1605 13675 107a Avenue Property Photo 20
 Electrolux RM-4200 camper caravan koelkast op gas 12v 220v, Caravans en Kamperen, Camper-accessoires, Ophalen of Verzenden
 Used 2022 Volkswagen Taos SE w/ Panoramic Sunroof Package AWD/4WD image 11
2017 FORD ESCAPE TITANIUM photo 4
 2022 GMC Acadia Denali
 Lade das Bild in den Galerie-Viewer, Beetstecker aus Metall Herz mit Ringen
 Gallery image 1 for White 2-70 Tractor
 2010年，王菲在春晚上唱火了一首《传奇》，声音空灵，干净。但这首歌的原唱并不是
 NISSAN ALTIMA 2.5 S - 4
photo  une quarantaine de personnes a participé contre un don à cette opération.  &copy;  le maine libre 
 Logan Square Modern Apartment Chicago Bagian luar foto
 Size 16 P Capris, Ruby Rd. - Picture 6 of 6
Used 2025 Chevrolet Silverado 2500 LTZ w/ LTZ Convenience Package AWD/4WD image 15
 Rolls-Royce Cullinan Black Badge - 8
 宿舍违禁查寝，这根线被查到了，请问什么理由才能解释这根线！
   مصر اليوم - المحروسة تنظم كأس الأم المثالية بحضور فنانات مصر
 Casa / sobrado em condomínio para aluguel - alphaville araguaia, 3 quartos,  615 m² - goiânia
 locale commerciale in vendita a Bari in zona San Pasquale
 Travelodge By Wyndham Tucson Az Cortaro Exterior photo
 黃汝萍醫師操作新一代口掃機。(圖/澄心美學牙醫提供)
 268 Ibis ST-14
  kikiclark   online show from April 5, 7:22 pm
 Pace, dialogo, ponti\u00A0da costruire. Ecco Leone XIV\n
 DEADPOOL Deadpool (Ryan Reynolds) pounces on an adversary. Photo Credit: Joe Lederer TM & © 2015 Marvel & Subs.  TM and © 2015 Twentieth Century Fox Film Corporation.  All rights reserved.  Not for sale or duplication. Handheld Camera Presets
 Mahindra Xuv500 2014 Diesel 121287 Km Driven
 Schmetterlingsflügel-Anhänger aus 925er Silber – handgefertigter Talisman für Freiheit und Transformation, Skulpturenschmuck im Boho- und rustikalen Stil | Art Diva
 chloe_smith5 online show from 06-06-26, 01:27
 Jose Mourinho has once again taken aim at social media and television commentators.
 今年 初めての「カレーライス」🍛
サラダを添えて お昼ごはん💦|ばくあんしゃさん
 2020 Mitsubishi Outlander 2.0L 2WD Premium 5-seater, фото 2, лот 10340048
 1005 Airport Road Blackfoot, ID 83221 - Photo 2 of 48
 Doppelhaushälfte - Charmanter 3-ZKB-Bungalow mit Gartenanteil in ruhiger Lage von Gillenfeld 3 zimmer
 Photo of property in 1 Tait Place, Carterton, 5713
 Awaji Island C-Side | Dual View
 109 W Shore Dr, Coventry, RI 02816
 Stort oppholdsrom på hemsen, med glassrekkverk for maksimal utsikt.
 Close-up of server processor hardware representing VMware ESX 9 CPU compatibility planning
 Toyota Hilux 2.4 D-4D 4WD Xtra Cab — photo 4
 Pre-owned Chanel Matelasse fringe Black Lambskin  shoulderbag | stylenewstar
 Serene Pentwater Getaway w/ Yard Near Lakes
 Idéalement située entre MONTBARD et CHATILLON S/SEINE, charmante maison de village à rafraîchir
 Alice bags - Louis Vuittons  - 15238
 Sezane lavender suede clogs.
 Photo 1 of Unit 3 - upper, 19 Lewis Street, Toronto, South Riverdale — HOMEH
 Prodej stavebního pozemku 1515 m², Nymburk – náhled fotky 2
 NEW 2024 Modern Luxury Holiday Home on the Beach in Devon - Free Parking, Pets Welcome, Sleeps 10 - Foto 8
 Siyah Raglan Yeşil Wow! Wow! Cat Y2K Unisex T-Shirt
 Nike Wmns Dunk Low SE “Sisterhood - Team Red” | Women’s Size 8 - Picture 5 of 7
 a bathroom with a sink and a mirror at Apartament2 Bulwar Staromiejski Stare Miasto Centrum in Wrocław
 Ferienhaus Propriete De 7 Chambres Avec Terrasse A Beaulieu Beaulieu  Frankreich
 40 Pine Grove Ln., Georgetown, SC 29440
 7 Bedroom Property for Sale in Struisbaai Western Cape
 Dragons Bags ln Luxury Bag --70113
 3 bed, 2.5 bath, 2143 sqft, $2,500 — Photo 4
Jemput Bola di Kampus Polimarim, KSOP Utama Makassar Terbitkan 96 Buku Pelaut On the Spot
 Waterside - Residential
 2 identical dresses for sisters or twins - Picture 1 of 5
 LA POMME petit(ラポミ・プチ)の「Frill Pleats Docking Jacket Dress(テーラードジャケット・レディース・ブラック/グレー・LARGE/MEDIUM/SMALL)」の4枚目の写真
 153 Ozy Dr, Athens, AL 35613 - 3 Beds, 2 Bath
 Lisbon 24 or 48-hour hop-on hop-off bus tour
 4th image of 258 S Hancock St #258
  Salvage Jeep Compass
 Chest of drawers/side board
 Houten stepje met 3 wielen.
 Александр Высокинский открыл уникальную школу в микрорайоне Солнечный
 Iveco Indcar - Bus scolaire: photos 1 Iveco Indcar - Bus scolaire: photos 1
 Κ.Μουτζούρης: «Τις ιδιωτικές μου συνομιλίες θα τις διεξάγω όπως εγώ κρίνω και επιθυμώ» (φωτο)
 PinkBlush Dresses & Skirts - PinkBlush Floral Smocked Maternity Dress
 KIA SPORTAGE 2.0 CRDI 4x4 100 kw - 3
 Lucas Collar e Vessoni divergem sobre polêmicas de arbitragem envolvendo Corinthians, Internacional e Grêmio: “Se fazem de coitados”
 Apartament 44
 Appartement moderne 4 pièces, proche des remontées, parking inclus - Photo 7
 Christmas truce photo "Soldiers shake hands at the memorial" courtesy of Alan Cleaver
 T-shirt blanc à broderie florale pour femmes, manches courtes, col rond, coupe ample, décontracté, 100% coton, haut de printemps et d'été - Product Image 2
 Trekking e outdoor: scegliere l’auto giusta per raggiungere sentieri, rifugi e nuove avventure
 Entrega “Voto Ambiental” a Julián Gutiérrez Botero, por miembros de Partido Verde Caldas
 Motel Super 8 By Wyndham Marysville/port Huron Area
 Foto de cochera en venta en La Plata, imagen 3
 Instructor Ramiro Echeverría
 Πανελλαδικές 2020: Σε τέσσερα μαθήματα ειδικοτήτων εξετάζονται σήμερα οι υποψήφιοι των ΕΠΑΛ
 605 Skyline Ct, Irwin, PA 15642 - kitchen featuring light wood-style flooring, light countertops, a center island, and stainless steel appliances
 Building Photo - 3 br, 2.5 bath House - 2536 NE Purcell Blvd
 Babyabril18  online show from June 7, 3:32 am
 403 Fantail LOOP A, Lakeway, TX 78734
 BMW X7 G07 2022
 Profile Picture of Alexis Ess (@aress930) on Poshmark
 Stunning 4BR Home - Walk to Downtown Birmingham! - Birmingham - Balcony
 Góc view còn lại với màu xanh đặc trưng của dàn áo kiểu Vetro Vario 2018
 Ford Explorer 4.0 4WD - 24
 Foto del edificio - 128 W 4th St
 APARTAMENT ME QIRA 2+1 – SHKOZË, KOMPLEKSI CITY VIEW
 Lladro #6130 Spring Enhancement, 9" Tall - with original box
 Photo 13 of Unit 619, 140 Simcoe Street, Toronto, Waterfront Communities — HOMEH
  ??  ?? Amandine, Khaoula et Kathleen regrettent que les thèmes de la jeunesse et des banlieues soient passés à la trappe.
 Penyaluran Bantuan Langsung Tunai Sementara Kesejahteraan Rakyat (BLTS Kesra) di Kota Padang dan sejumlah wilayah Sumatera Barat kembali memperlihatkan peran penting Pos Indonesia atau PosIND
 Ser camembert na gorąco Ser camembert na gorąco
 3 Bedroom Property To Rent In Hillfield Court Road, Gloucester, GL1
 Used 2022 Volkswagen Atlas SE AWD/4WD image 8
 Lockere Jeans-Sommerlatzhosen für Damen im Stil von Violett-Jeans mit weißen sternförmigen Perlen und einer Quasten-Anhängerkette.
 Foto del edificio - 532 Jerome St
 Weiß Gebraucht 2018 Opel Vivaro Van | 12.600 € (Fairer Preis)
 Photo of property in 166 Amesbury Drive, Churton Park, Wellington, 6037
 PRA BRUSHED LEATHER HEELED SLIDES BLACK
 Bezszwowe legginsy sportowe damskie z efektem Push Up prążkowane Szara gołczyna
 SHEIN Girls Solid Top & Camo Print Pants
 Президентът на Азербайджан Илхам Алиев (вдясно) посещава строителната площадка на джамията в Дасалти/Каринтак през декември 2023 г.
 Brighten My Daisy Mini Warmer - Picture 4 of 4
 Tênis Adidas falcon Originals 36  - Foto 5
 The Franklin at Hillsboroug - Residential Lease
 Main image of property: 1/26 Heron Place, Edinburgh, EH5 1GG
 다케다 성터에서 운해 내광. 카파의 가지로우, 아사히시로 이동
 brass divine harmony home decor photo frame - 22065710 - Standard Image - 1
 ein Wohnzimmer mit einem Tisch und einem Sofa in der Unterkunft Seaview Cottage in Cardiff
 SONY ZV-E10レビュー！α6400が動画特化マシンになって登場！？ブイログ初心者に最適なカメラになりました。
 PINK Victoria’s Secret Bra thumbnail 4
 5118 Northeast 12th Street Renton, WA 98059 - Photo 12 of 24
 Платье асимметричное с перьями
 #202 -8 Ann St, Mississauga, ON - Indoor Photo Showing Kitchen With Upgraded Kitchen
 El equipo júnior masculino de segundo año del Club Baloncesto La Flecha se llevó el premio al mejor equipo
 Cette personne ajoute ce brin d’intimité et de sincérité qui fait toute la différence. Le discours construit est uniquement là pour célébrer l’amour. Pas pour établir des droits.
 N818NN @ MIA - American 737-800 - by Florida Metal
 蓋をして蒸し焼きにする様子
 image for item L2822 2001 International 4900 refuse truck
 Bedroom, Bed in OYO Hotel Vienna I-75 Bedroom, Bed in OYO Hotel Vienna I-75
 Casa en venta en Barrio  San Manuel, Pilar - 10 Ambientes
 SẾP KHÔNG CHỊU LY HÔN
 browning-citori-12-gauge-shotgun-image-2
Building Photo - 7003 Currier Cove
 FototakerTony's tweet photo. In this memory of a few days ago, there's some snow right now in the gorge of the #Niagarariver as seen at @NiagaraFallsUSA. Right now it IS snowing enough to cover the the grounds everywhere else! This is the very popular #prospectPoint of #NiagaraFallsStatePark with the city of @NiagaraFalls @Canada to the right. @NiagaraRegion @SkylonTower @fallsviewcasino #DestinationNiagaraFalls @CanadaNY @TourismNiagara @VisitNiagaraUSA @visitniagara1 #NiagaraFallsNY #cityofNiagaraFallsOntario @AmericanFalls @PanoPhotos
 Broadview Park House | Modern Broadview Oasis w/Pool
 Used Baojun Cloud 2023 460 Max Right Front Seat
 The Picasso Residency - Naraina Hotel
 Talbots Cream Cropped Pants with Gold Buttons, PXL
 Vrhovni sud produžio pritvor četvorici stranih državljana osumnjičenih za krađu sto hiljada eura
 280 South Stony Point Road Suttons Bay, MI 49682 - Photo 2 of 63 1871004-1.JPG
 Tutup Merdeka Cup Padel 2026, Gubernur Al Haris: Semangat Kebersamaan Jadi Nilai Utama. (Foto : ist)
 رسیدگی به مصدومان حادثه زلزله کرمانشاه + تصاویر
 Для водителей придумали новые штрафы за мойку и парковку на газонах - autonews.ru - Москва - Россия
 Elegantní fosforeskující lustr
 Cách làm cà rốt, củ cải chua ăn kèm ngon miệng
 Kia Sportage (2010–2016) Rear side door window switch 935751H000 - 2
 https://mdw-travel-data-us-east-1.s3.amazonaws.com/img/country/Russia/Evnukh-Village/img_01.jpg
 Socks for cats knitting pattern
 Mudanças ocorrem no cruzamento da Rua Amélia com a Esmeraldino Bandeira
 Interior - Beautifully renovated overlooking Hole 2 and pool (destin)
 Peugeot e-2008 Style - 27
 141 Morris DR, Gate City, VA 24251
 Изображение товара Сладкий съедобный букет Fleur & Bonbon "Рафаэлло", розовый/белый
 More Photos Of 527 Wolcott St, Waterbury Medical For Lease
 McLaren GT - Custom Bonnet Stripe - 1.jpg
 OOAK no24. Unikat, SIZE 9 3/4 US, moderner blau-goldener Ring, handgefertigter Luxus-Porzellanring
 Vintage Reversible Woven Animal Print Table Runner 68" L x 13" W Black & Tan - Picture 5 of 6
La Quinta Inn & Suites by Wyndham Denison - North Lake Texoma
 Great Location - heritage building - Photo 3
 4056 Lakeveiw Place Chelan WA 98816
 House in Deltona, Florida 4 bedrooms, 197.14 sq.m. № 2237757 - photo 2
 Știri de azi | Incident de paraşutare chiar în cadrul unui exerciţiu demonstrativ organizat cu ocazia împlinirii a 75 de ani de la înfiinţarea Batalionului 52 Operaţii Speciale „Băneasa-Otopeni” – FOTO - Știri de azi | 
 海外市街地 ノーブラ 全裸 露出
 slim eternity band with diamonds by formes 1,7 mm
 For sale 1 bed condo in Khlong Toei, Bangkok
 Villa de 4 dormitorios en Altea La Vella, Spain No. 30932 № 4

* **TASK**: Copy verbatim, from the listing above, each line from the one containing "Президентът на Азербайджан" down to the one containing "PINK Victoria’s Secret Bra thumbnail 4", inclusive.

* **TASK ANSWER**:
 Президентът на Азербайджан Илхам Алиев (вдясно) посещава строителната площадка на джамията в Дасалти/Каринтак през декември 2023 г.
 Brighten My Daisy Mini Warmer - Picture 4 of 4
 Tênis Adidas falcon Originals 36  - Foto 5
 The Franklin at Hillsboroug - Residential Lease
 Main image of property: 1/26 Heron Place, Edinburgh, EH5 1GG
 다케다 성터에서 운해 내광. 카파의 가지로우, 아사히시로 이동
 brass divine harmony home decor photo frame - 22065710 - Standard Image - 1
 ein Wohnzimmer mit einem Tisch und einem Sofa in der Unterkunft Seaview Cottage in Cardiff
 SONY ZV-E10レビュー！α6400が動画特化マシンになって登場！？ブイログ初心者に最適なカメラになりました。
 PINK Victoria’s Secret Bra thumbnail 4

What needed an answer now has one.